#### [PROBLEM TO SOLVE]
What you give back from the listing below should be an exact copy of the lines from the one with "Inotherm - Letovanje" down to the one with "Ofertas em fogões!", and it should contain no pictures.

Start of DATASET EXCERPTS

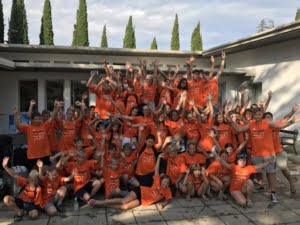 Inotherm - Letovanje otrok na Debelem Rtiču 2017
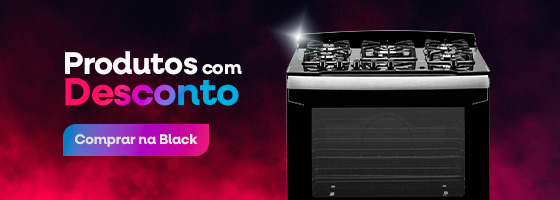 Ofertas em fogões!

End of DATASET EXCERPTS
Start of DATASET EXCERPTS

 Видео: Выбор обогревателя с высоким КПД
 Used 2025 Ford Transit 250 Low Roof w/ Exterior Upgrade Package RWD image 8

End of DATASET EXCERPTS

#### [EXERCISE SOLUTION]
 Inotherm - Letovanje otrok na Debelem Rtiču 2017
 Ofertas em fogões!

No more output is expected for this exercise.